On December 5, 2014, the Supreme Court granted certiorari in Commil USA, LLC, v. Cisco Systems, Inc., to decide whether a defendant’s good-faith belief that a patent is invalid is a defense to induced infringement.
Previously, a divided panel of the Federal Circuit held that a Texas district court should have allowed evidence that Cisco believed in good faith Commil’s patent was invalid. At trial, Cisco was not permitted to present such evidence to rebut Commil’s claims of induced infringement. The district court relied on Federal Circuit precedent, DSU Medical Corp. v JMS Co., which addressed a good-faith belief of non-infringement, not a good-faith belief of invalidity, as a defense.

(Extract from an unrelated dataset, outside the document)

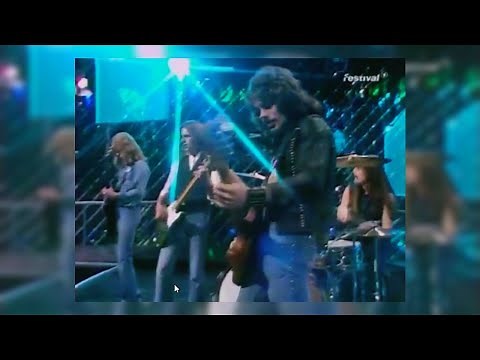 STATUS QUO Caroline (1973) [HQ]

Reversing the district court, the Federal Circuit reasoned that, because one necessarily cannot infringe an invalid patent, no principled distinction exists between a good-faith belief of non-infringement and a good-faith belief of invalidity. Accordingly, the court held that evidence of a good-faith belief of invalidity is evidence that “should be considered by the fact-finder in determining whether an accused party knew that the induced acts constitute patent infringement.” In dissent, Judge Newman argued that a good-faith belief of invalidity cannot be a defense to induced infringement of a patent that is actually valid and infringed.
For now, the Federal Circuit’s decision provides accused infringers with two means of defending against induced infringement claims: good-faith belief of non-infringement and good-faith belief of invalidity. Considering the recent patent cases the Supreme Court has reviewed, it is uncertain whether both defenses will persist.